Some websites contain a very large amount of important data such as stock prices, sports stats, or in my case, information on how to take care of your houseplants. If you would like to access this information, you would either have to use the same format as the website or copy and paste the information into a new document. This could be a very tedious process. That’s where scraping comes into play!

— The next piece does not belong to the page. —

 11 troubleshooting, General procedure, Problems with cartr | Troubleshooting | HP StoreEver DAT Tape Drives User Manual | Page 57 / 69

Scraping refers to the extraction of data from a website. This is achieved by parsing the web page’s HTML code and pulling (“scraping”) the data from the HTML. In order to do so, I closely examined the HTML and identified the exact elements containing the information for the plants’ light, water and fertilizer suggestions. This required much precision. Although scraping is difficult, I understood what it could be helpful to many programmers. Not all information and data is available if one decides to consume an API for their program. There is, however, a good chance that a quick Google search will reveal a large list of the data you’re looking for. You can scrape that information and store it in your very own database.
Scraping Using Nokogirl and Open-URI
Scraping using Open-URI came in handy while coding my program. Open-URI is an easy-to-use Ruby Programming module that allows programs to make HTTP requests.
I also used a Ruby gem called Nokogiri. This gem made HTML parsing so much easier. I was able to treat a large string of HTML code as if it were a sequence of nested objects that I can utilize to excerpt information using provided functions. Nokogiri made the level of meticulousness necessary to extract the information much easier to reap.
This website was difficult to scrape because the site was not coded with specific CSS class names. It took me a while to figure out how to retreive just the data that I wanted. I was able to get very comfortable with using byebug to look into the parsed data and understand how to iterate through elements.
Though this project was a huge challenge to me, I feel super accomplished and many of the concepts I have been learning are more familiar to me!